11yo DD (12 next week) had it for the second time. She had it in September, vaxed in November/December, and now covid again in May. The only one who escaped this round is my 14yo DS, who was boosted May 1.
This is the third bout of covid in my house, and every time, anyone who has been vaccinated/boosted in the previous 6 months has avoided testing positive. On one hand, I am grateful for an effective vaccine and mild cases. On the other, I feel like we are going to spend the rest of our lives chasing boosters. Both times DD had covid were right as the vaccine and then booster were approved for her age group. Is she going to get it again in 6 months right before a 2nd booster is approved? DS was the same way, he was vaccinated in May/June last year and then had covid in January right as boosters were approved for his age group. It feels never ending. Fortunately, she turns 12 next week so at least she can get the larger booster dose this time. I think I’m going to wait and get it around the time school starts.
Ugh, I’m sorry you’re dealing with this again.

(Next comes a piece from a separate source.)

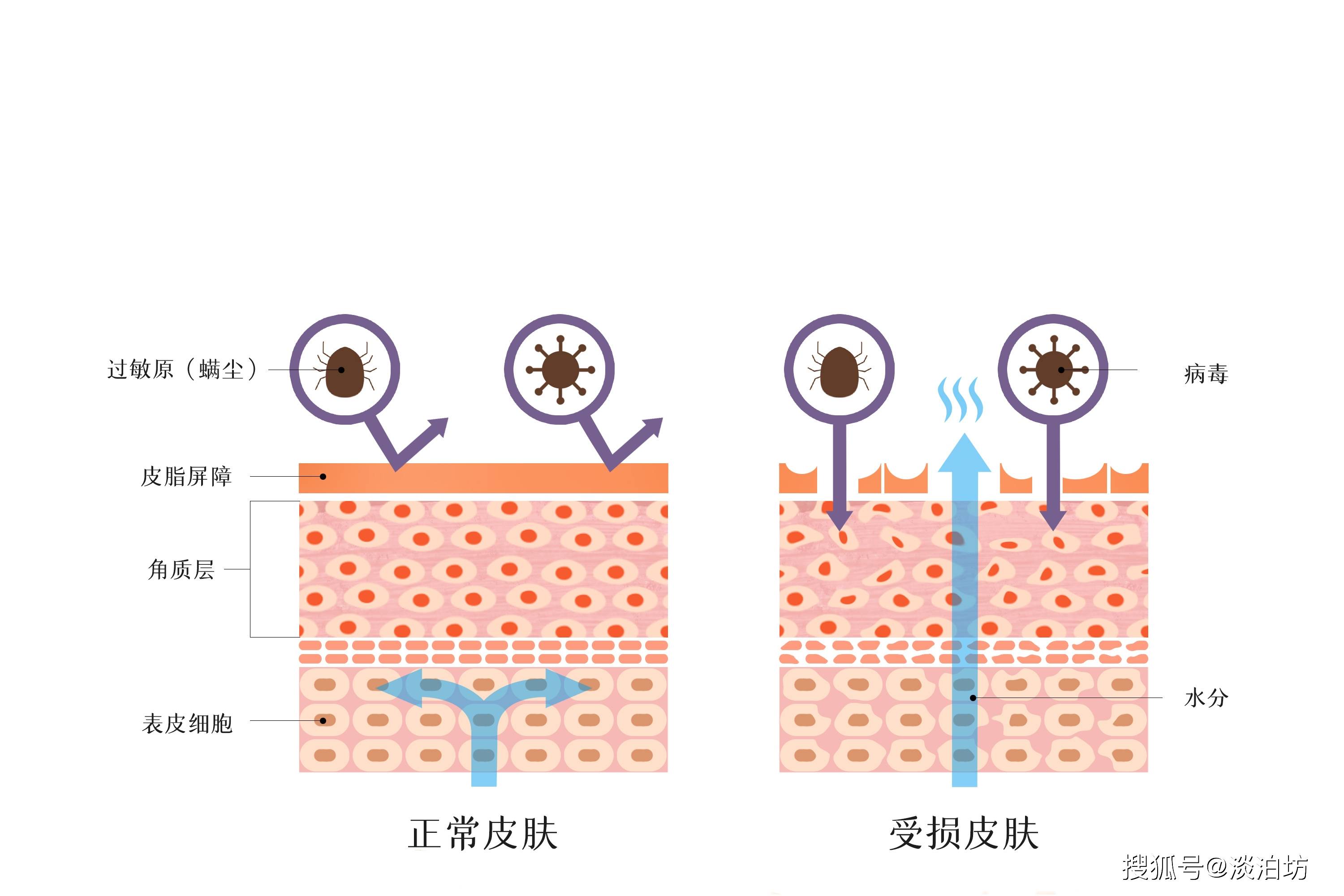 (皮肤屏障)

The booster thing is interesting. DH did get covid 2 months after his booster, but he was only sick for about 24 hours, but was pretty sick for those hours. Today is day 3 (developed symptoms and tested positive at the same time), and I still have symptoms, and my booster was 8 months ago. The body aches and fatigue set in last night, so only dealing with this for 24 hours seems like a dream right now so gimme alllllll the boosters (when I’m eligible for the second one at least, since I’m still not eligible and that’s why it’s been so long since the first one). But yeah, as I mentioned above, I do not want to deal with covid 3-4 times a year. Seems like treatments will be even more important in the future, to help shorten illness. I considered getting Paxlovid but the rebounds freak me out. I can’t fathom feeling better and then having all these symptoms come back.
Everyone else in the house is still negative and I've said for a long time that I will never understand this virus and that is the damn truth. There is no reason besides luck that I'd be the only one with covid given my timeline. DD2 is all over me but of course she's fine.
No one else in our house got covid from DH when he had it a few weeks ago, even though all of us were all over each other. It makes no sense!
I donate blood regularly and they run antibody tests (or they did as of a week ago) and my blood showed high levels of antibodies, so they might be why I didn't get it? Whether those antibodies are from the vaccine or an infection is anyone's guess (my booster was back in January, I think?).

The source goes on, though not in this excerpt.